> [What is needed] Repeat exactly the lines of the material below that run from the "2012款福特福克斯三厢1.6L手自一体风尚型" line to the "Roquebrune Cap Martin" line, including both, and do not carry over any pictures.

____ Exercise inputs

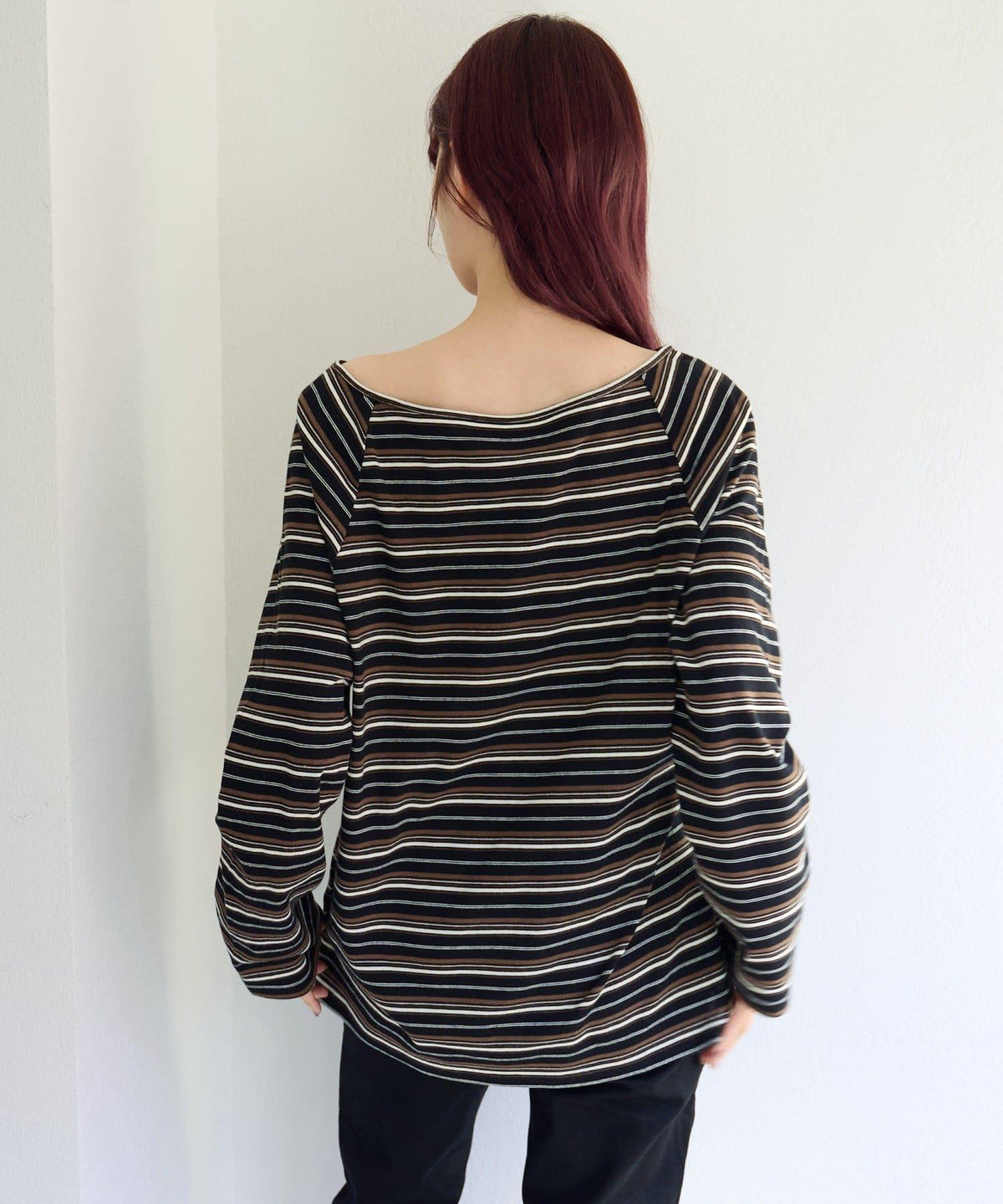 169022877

________
____ Exercise inputs

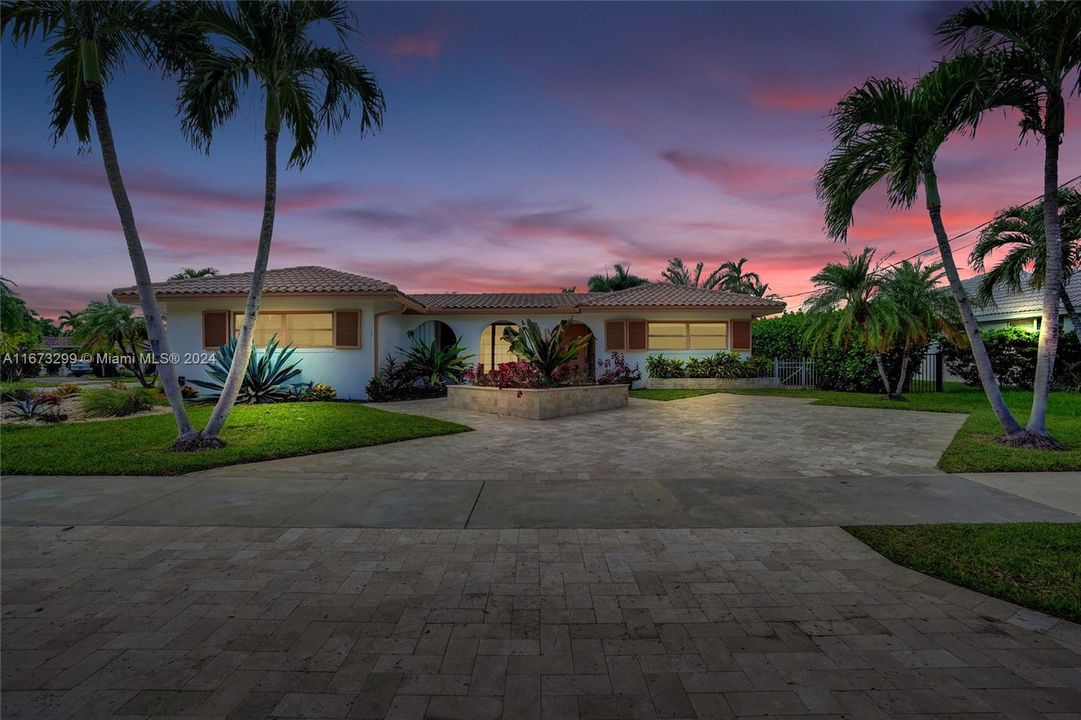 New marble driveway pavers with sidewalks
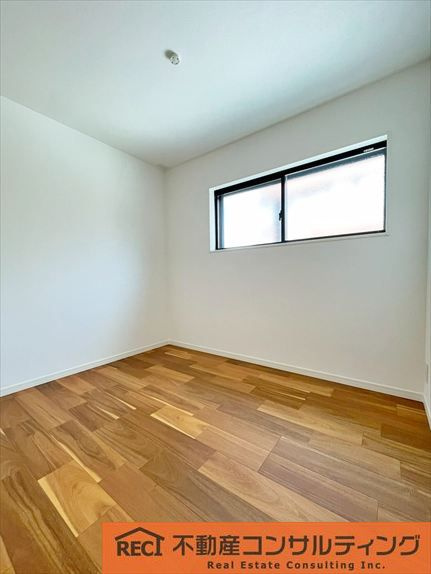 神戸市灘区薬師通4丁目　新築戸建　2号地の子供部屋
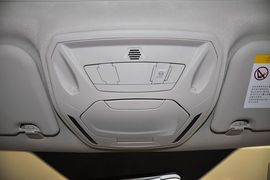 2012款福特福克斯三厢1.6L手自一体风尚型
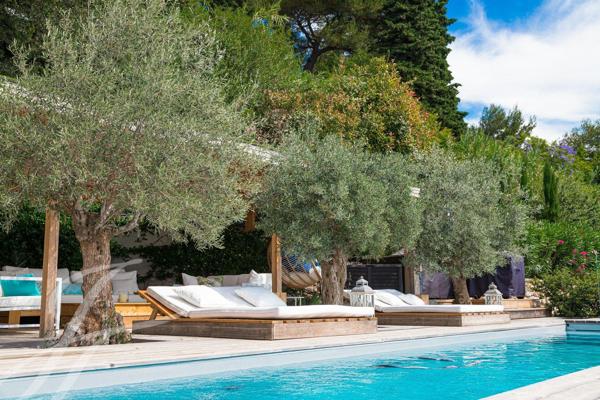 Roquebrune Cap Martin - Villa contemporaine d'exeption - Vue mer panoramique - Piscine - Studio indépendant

________
____ Exercise inputs

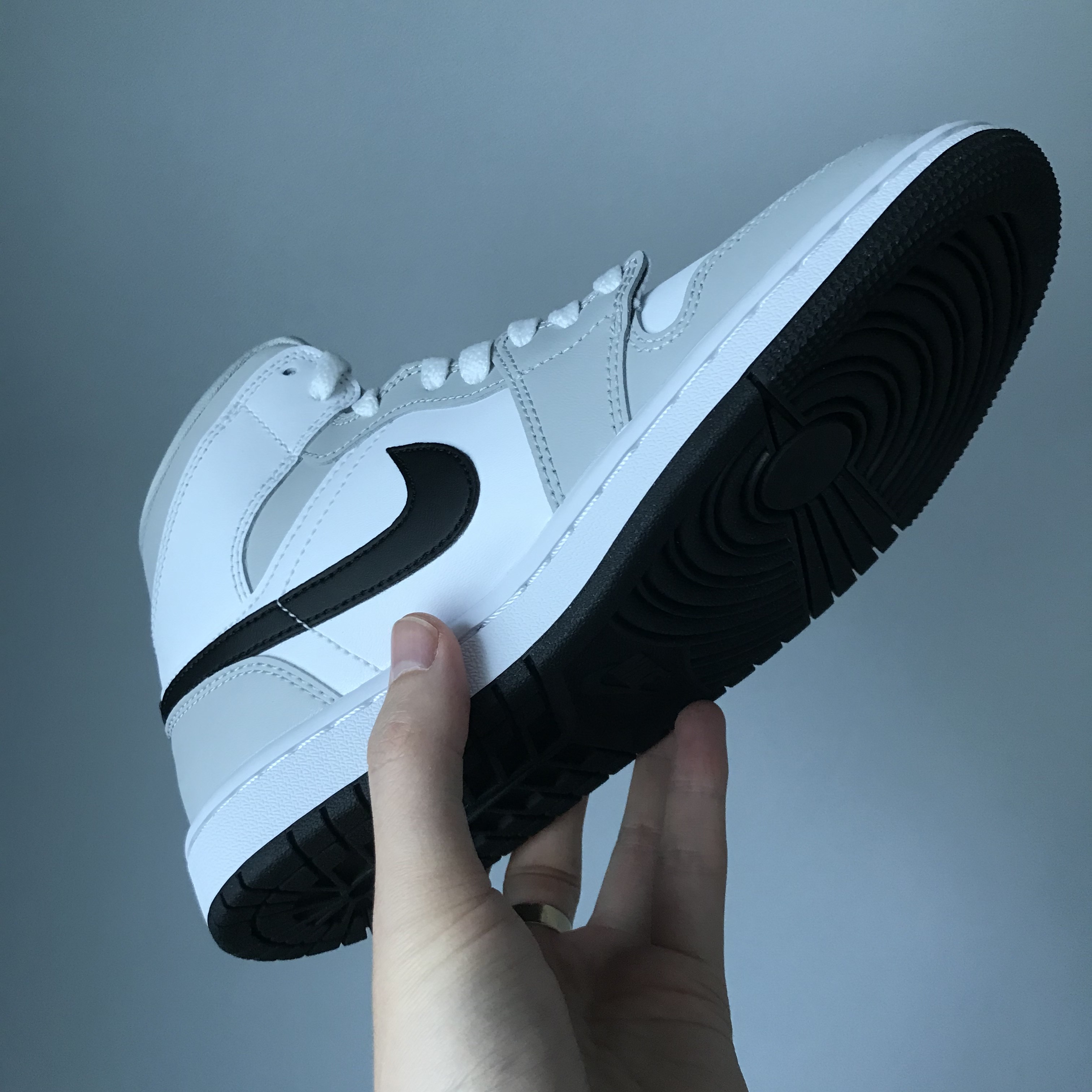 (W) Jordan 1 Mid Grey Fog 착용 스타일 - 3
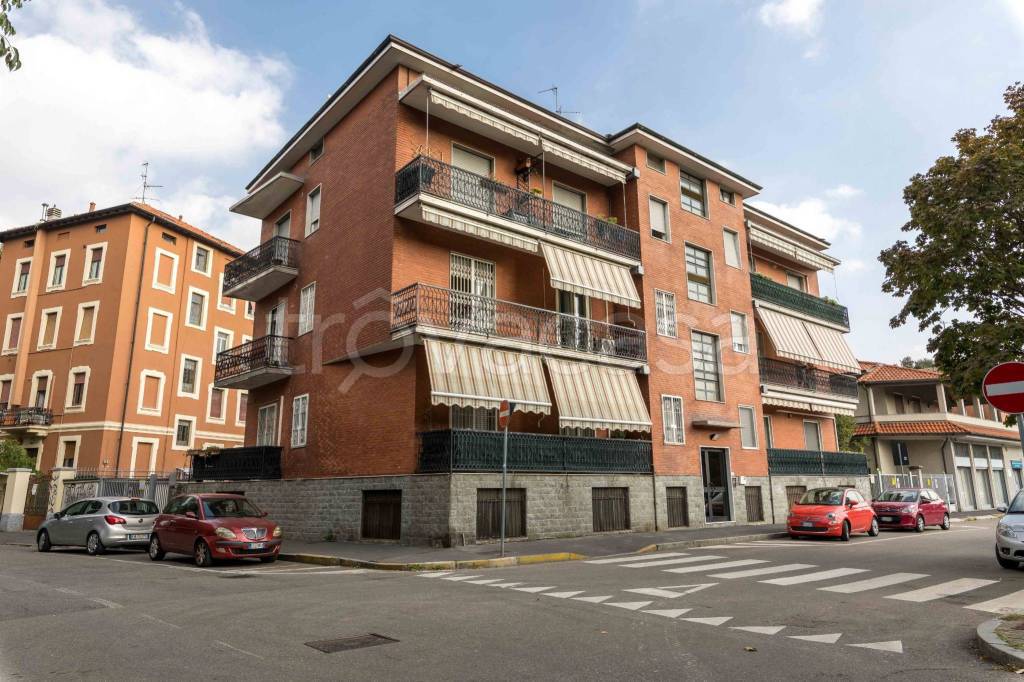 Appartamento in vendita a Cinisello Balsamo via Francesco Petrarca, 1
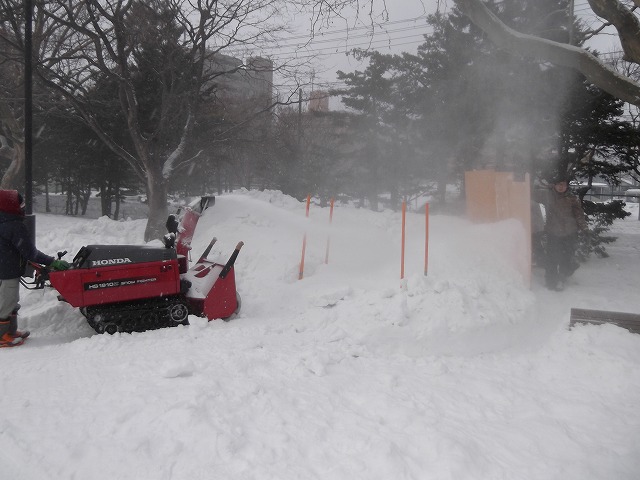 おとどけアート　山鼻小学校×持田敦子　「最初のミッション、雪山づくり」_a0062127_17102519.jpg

________

> [Response box]
 2012款福特福克斯三厢1.6L手自一体风尚型
 Roquebrune Cap Martin - Villa contemporaine d'exeption - Vue mer panoramique - Piscine - Studio indépendant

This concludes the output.